*** RECORDS PROVIDED

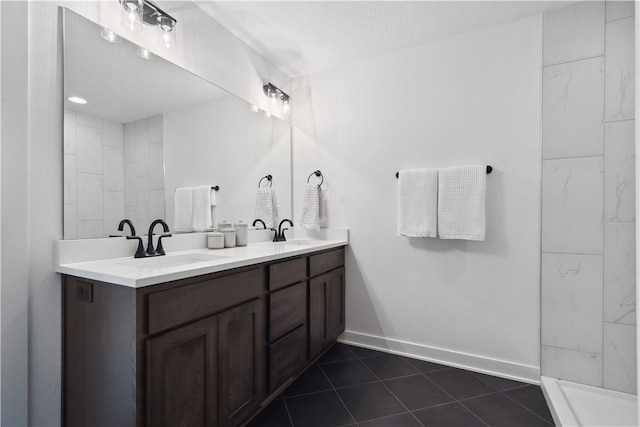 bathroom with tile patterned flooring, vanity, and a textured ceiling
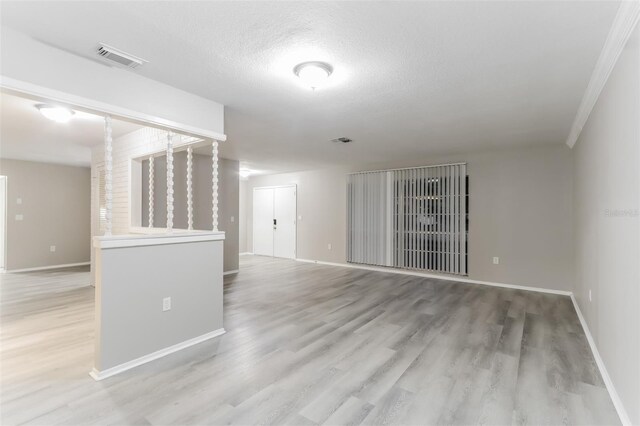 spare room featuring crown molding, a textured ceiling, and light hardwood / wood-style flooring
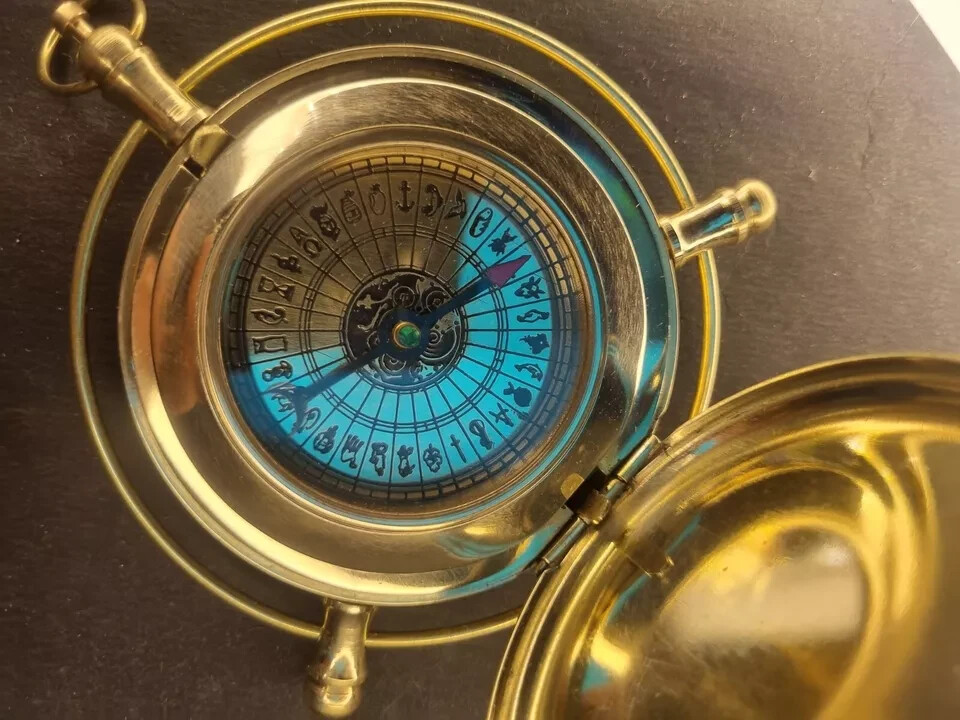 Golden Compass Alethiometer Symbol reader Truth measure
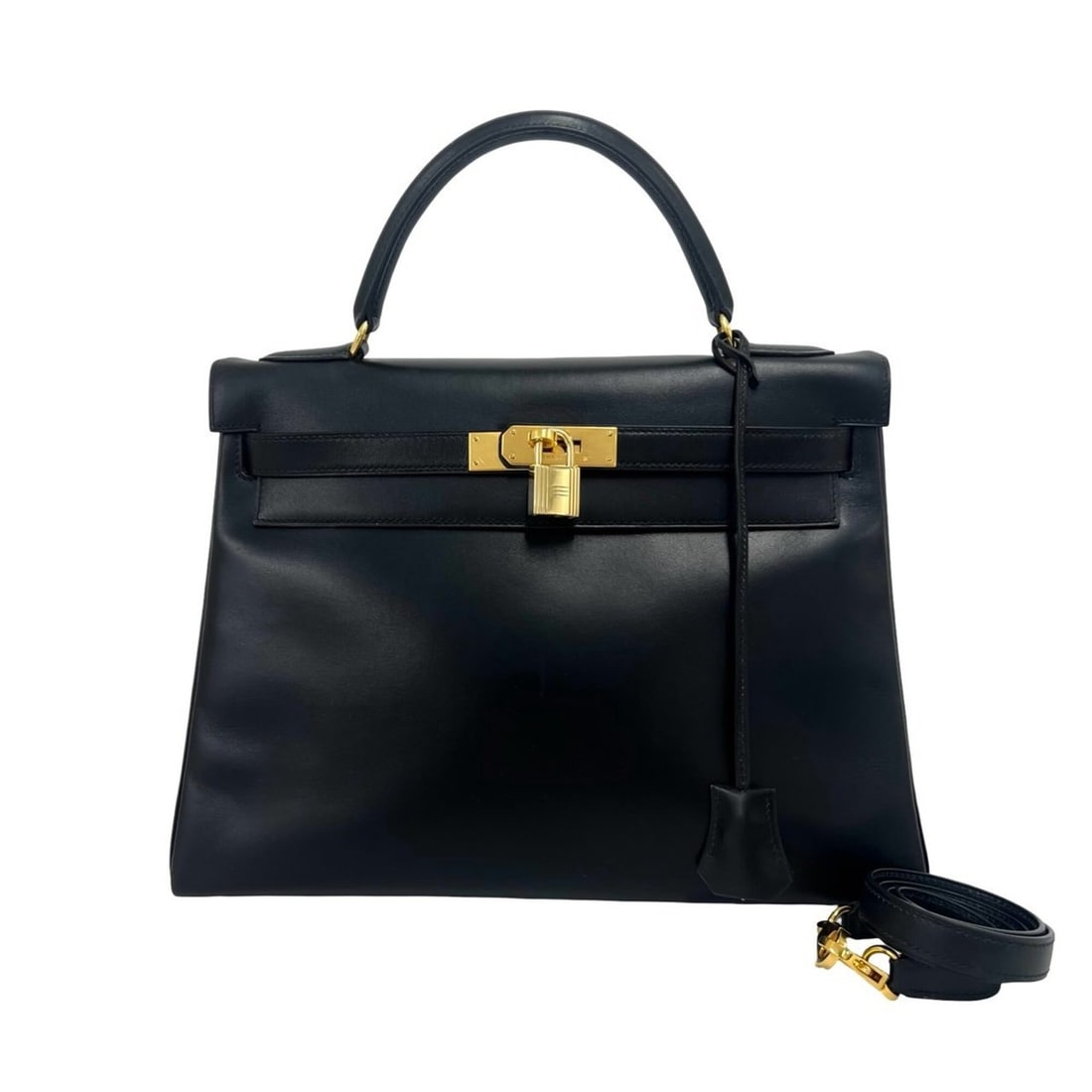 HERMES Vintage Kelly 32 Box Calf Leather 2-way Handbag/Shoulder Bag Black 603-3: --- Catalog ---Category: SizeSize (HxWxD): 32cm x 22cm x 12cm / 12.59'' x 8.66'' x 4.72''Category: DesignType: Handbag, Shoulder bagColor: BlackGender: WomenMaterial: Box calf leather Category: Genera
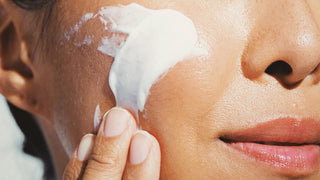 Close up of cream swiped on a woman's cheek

******

DIRECTIONS FOR THIS TASK: Pictures stay out. Copy exactly, and only, the lines from the one containing "spare room featuring" through the end of the data.

RESULT OF THE TASK:
 spare room featuring crown molding, a textured ceiling, and light hardwood / wood-style flooring
 Golden Compass Alethiometer Symbol reader Truth measure
 HERMES Vintage Kelly 32 Box Calf Leather 2-way Handbag/Shoulder Bag Black 603-3: --- Catalog ---Category: SizeSize (HxWxD): 32cm x 22cm x 12cm / 12.59'' x 8.66'' x 4.72''Category: DesignType: Handbag, Shoulder bagColor: BlackGender: WomenMaterial: Box calf leather Category: Genera
 Close up of cream swiped on a woman's cheek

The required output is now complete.